# [INSTRUCTIONS FOR THE TASK]
Restate word for word the lines below that run from the one holding "We will do our" through the one holding "The second informal", inclusive. Pictures don't belong in the copy.

# [MATERIALS PROVIDED]

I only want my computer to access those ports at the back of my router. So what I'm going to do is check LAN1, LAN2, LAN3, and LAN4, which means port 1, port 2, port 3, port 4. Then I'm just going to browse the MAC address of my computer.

--

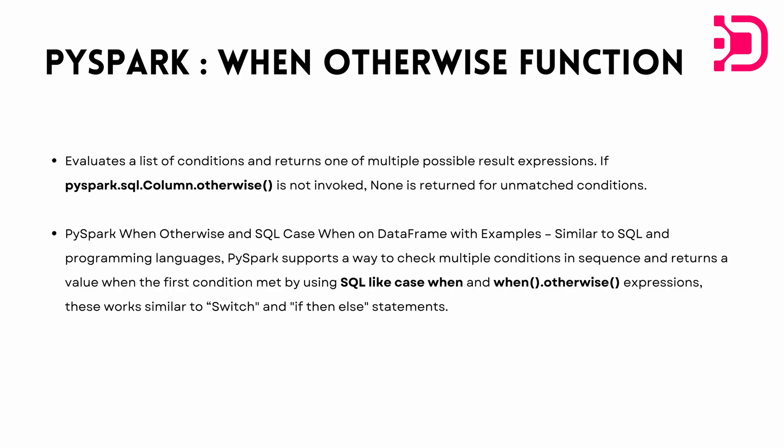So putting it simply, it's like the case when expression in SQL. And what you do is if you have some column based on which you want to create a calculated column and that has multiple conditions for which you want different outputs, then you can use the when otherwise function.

==

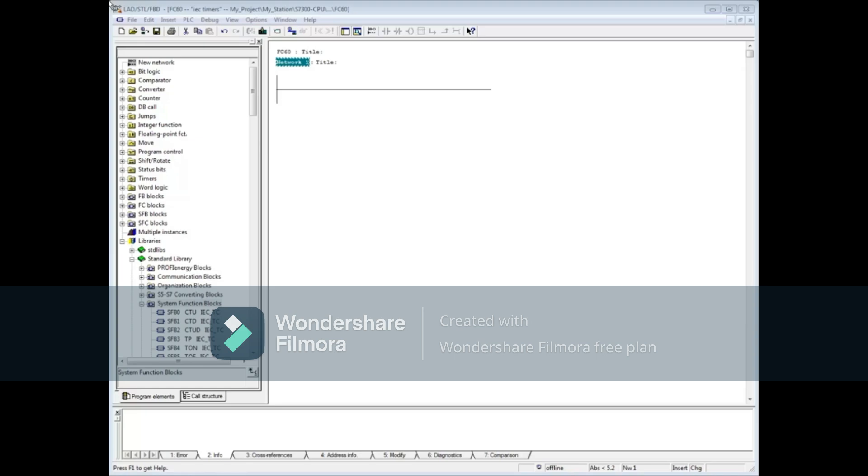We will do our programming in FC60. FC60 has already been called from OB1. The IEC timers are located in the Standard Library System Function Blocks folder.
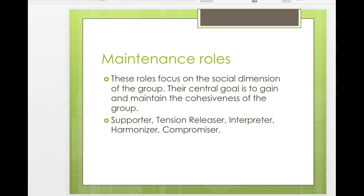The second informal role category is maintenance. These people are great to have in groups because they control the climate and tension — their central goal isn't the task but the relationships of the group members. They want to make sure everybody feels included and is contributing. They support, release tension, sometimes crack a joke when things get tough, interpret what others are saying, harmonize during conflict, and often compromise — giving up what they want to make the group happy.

# [TASK RESULT]
We will do our programming in FC60. FC60 has already been called from OB1. The IEC timers are located in the Standard Library System Function Blocks folder.
The second informal role category is maintenance. These people are great to have in groups because they control the climate and tension — their central goal isn't the task but the relationships of the group members. They want to make sure everybody feels included and is contributing. They support, release tension, sometimes crack a joke when things get tough, interpret what others are saying, harmonize during conflict, and often compromise — giving up what they want to make the group happy.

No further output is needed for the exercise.